I am posting chapters 1 and 2 again after making the corrections suggested by Infovore and fixing a couple of other mistakes. I’m adding chapter 3 too in the hope I’ll keep getting reactions.
Chapter 1
My name is Helen and I’m a good girl even though I often get in trouble at school.
“Be good, Helen.” My dad kisses me good-bye whenever he goes on a trip.
I seldom see my dad because he’s a truck driver and there’s constantly an urgent shipment he has to deliver. Usually he’s away for a couple of weeks. When he arrives home I’m always asleep and by the time I wake up, he’s gone again.
“Why are you on the road all the time?” I ask my dad when I finally get to see him.
“Because we need to pay for the house, Helen.” He shrugs. “For your mom’s car too. And for your toys and clothes. All these things cost money.”
I’d like to see my dad more often, but I don’t think I’m ready to give up my clothes and toys.

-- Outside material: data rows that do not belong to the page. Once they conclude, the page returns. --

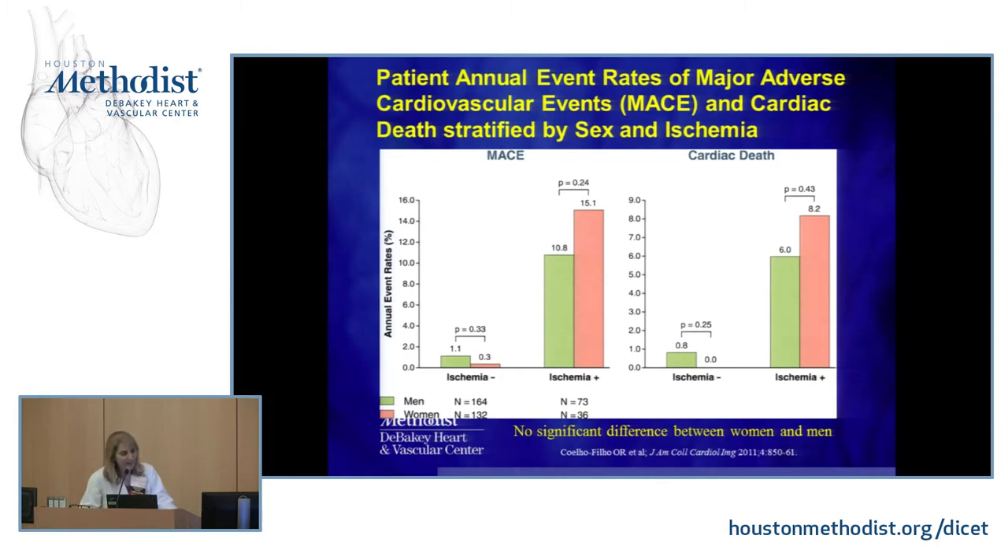Looking at major adverse cardiovascular events — heart attacks, need for stenting, CABG — stratified by sex and ischemia: again, it's not a gender issue. The most important determinant of whether you have events or death is simply how much ischemia was present on the cardiac MRI image.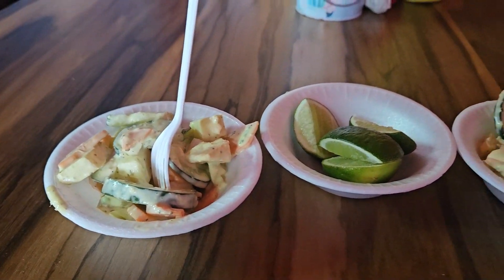They give you a little salad. It's got cucumber, jicama, and carrots in there, and it's got some sort of salad dressing on it. It's really good.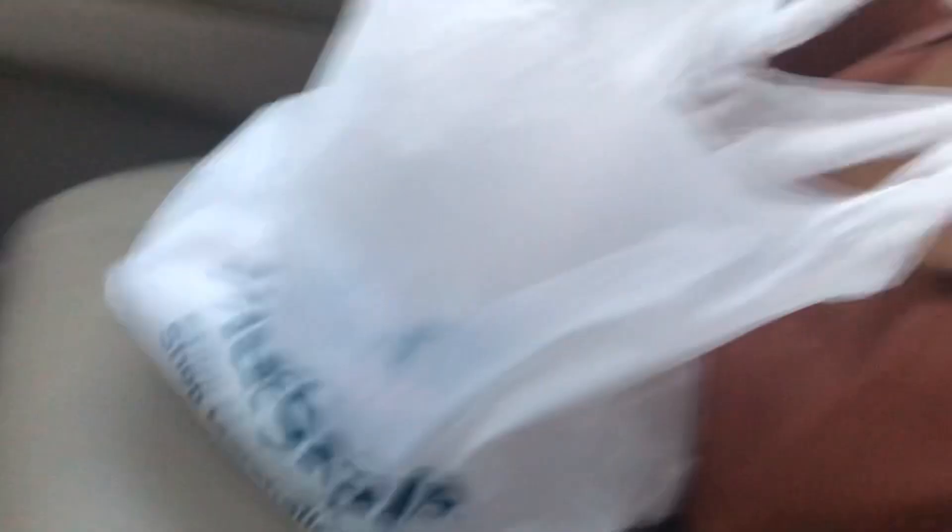I'm just going to take a look at a few things — maybe some candles and some pajamas or just random things like that. I'll bring you along and then show you what I end up getting. Guys, I just got out of Marshall's and there's my bag. Got some really good things and I'm so excited to show you what I got.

Then I wonder if mom really needs her car. I quickly realize she does because she has two jobs – a morning job at the asylum for old people, and a night job as a babysitter for the rich children downtown.
I used to have a babysitter too, Ms. Mendez, an old woman who lives in the neighborhood. I hated her and she hated me too. Once she locked me up in the garage and kept me there in the dark until mom came home.
“Why don’t you listen to Ms. Mendez?” Mom scolded me when the old woman had left. “Why are you a bad girl?”
“Ms. Mendez is the bad one, not me,” I protested. “She never babysits me. She only smokes and watches TV.”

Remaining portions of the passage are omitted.